**WHAT NEEDS TO BE DONE**
Reproduce the material below only from the line with "A living room" to the line with "a kitchen with", both included, keeping each line exact and dropping the pictures.

**SOURCE RECORDS**
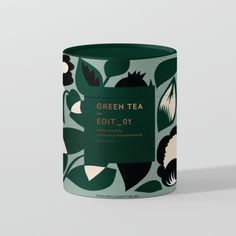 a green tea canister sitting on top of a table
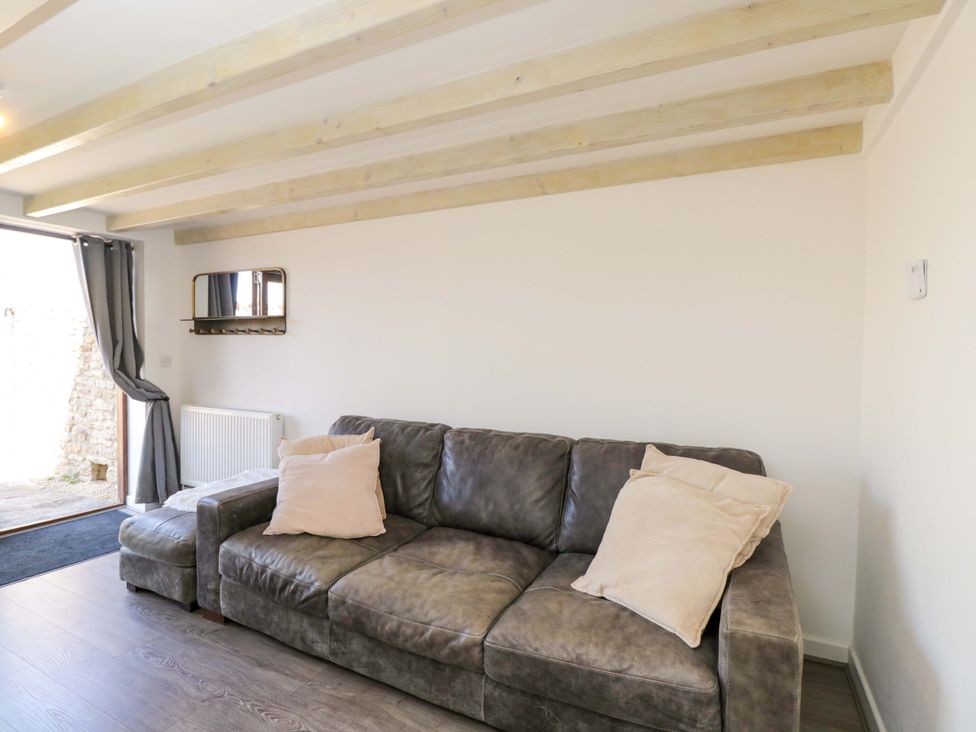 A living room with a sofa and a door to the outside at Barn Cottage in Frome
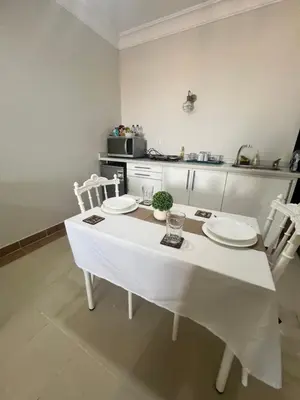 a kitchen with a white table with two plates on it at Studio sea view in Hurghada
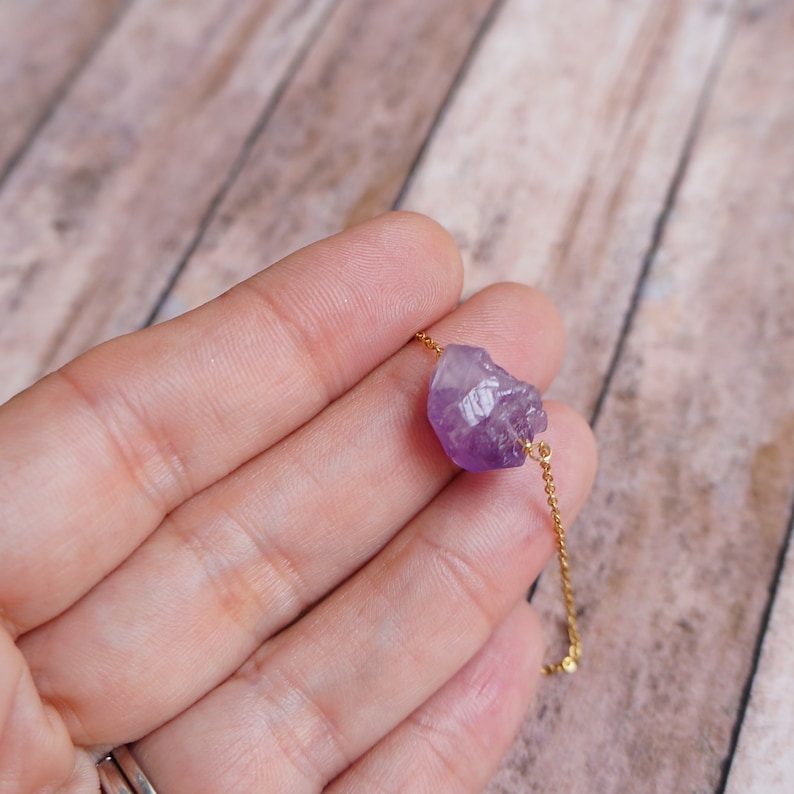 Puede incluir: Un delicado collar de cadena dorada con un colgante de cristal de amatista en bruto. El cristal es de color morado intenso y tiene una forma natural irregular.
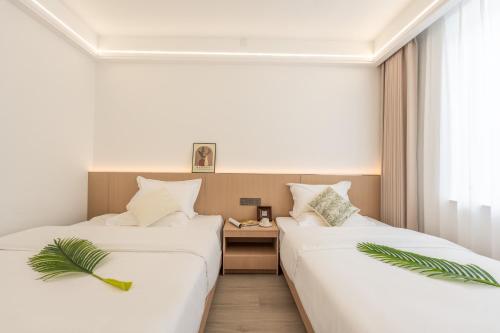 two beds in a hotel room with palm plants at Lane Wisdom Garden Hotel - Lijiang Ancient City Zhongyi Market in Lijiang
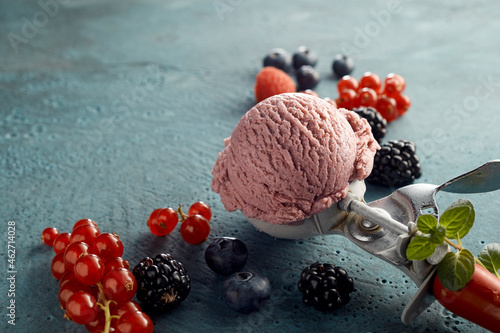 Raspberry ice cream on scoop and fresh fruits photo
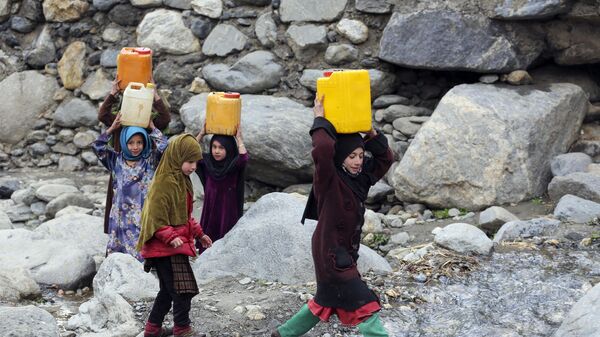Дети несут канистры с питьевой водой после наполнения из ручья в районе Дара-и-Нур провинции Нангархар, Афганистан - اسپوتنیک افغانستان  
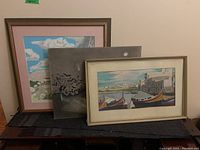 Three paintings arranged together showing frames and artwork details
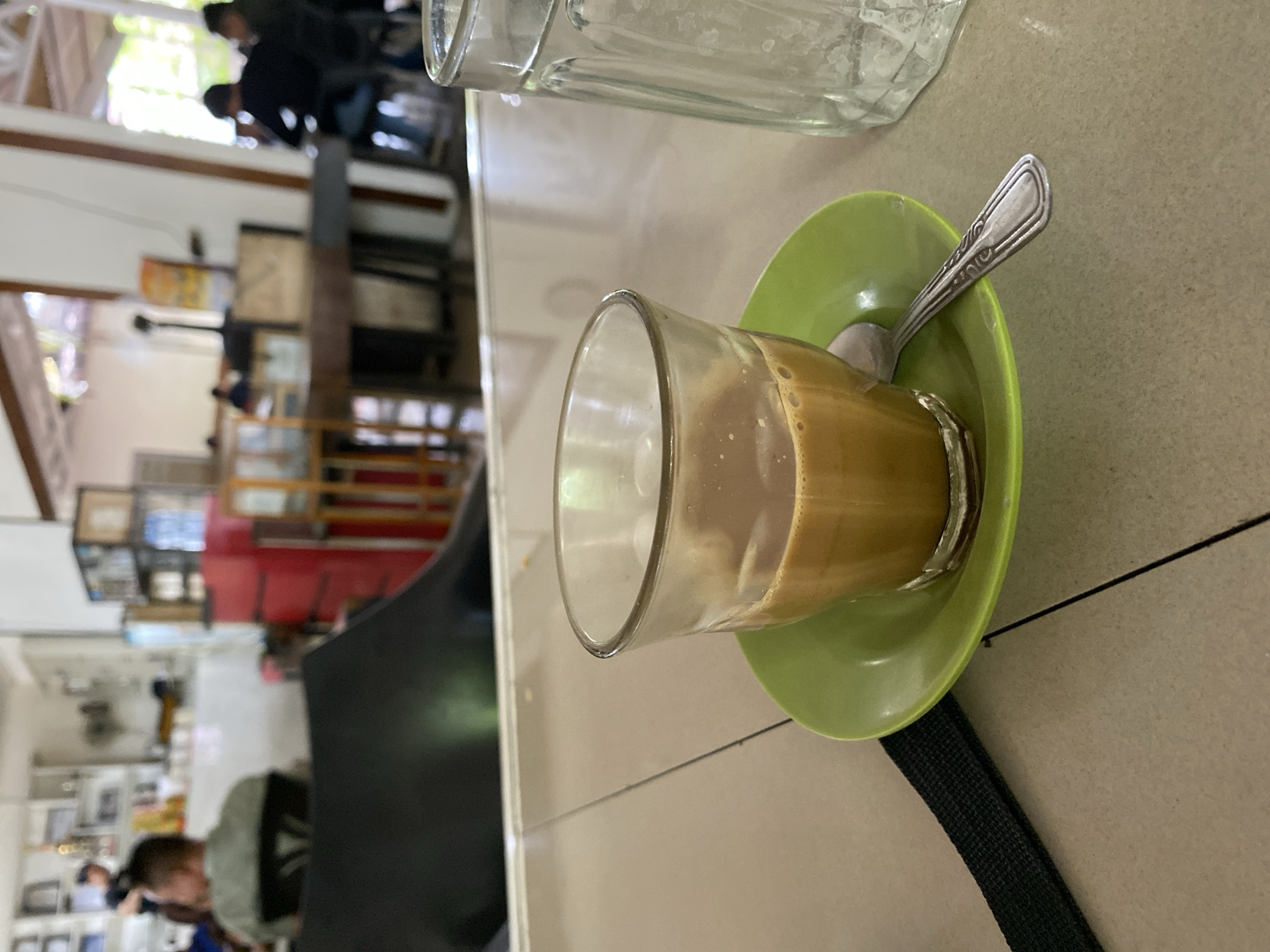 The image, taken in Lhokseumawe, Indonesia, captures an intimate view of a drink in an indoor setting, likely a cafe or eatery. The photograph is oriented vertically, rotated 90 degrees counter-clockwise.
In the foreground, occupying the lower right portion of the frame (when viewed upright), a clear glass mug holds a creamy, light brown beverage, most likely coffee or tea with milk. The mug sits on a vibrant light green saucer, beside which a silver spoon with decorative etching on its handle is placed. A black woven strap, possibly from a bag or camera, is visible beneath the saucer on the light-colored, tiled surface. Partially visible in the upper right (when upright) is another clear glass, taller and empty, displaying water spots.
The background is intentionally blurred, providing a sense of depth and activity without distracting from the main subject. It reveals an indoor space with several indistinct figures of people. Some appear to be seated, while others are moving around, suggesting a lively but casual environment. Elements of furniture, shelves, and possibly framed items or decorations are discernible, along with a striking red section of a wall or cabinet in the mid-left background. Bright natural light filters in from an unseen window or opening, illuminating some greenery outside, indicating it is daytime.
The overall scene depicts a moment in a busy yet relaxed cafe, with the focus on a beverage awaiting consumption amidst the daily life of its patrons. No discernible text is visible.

**SOLUTION TO THIS PROBLEM**
 A living room with a sofa and a door to the outside at Barn Cottage in Frome
 a kitchen with a white table with two plates on it at Studio sea view in Hurghada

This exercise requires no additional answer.